**Task to complete**
Exactly reproduce the line containing "Bronze circle design earrings" together with every line after it, through the end of the entries, and give nothing more.

**Data for the task**

Content starts

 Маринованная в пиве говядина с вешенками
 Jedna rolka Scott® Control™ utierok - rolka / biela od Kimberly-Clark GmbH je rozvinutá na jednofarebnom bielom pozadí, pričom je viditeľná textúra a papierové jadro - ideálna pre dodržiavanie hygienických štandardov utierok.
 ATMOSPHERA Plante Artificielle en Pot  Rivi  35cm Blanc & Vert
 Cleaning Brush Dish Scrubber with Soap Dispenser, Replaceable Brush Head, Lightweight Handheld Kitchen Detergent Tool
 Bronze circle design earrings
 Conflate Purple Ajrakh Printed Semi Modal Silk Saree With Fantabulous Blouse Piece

Content ends

**Task solution**
 Bronze circle design earrings
 Conflate Purple Ajrakh Printed Semi Modal Silk Saree With Fantabulous Blouse Piece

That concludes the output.